Hoy, Estados Unidos está más dividido que nunca. Una de sus mitades salió a manifestarse contra el presidente electo en Portland y Boston, Nueva York y Chicago. La otra, está celebrando y reclamando la victoria de Trump como el regreso de los blancos al poder. Algunos de ellos, abiertamente racistas, están celebrando su triunfo como la derrota del multiculturalismo, las políticas progresistas y sobre todo del primer presidente negro de Estados Unidos. Tanto, que el propio David Duke, un controvertido miembro del ultrarracista Ku Klux Klan, celebró la victoria y agradeció el apoyo de Julian Assange, el líder de Wikileaks, cuyas revelaciones de correos, presumiblemente provenientes de la Rusia de Vladimir Putin, tuvieron que ver con la derrota de Hillary.
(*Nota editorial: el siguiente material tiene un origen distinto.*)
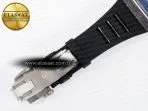Richard Mille RM055 NTPT UOKF 1:1 Best Edition Black Inner Bezel Black Crown on Black Rubber Strap RMUL2 Super Clone - Görsel 22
La pregunta es si las dos mitades podrán sentarse juntas y acercarse como lo hicieron Obama y Trump el jueves en la Casa Blanca, aunque solo haya sido para mostrar una apariencia de normalidad. No parece fácil, y menos cuando se especula que en el gabinete de Trump habrá gente muy radical como el exalcalde de Nueva York Rudolph Giuliani, quien se dice va a ser el fiscal general; el expresidente del Congreso Newt Gingrich, que suena como secretario de Estado, y la excandidata a la Vicepresidencia y exgobernadora de Alaska Sarah Palin, de quien se especula será secretaria del Interior.

Por ahora, Estados Unidos y el planeta están encajando el golpe que representa la victoria de Trump. El próximo paso consiste en aceptar que el principal encargado de preservar el orden mundial es quien más ha amenazado con perturbarlo. No va a ser fácil, y la angustia cunde.